→ **PROBLEM DETAILS**
Tally the lines of the listing below in which the string "Black" occurs, and give the tally alone.

→ **EXCERPTED RECORDS**
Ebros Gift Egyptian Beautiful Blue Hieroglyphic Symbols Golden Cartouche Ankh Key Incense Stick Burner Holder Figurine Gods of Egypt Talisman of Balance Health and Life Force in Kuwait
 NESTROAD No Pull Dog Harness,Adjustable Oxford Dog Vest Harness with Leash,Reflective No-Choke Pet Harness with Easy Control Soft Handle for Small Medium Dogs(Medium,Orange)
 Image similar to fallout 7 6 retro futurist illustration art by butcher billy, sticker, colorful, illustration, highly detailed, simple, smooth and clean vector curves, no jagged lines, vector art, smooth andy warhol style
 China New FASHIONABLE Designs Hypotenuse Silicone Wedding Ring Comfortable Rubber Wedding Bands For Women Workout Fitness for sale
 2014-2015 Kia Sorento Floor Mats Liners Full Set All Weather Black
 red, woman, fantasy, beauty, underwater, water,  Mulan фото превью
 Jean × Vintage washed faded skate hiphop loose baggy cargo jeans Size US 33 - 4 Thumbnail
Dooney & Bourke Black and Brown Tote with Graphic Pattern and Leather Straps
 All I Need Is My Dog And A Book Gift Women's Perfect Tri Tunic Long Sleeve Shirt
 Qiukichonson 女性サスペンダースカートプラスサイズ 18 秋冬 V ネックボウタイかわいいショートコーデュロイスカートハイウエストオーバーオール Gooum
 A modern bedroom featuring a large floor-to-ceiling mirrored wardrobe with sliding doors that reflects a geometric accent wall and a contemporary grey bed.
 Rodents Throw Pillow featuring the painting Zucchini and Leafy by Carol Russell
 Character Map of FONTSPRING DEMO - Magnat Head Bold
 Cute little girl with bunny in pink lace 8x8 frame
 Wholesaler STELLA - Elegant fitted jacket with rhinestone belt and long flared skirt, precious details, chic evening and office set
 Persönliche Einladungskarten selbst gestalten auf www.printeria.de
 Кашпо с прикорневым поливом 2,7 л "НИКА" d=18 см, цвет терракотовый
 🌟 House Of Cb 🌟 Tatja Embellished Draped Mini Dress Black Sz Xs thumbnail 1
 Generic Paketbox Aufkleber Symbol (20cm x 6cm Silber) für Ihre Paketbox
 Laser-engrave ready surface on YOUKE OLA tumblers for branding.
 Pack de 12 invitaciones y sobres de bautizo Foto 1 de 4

→ **TASK ANSWER**
3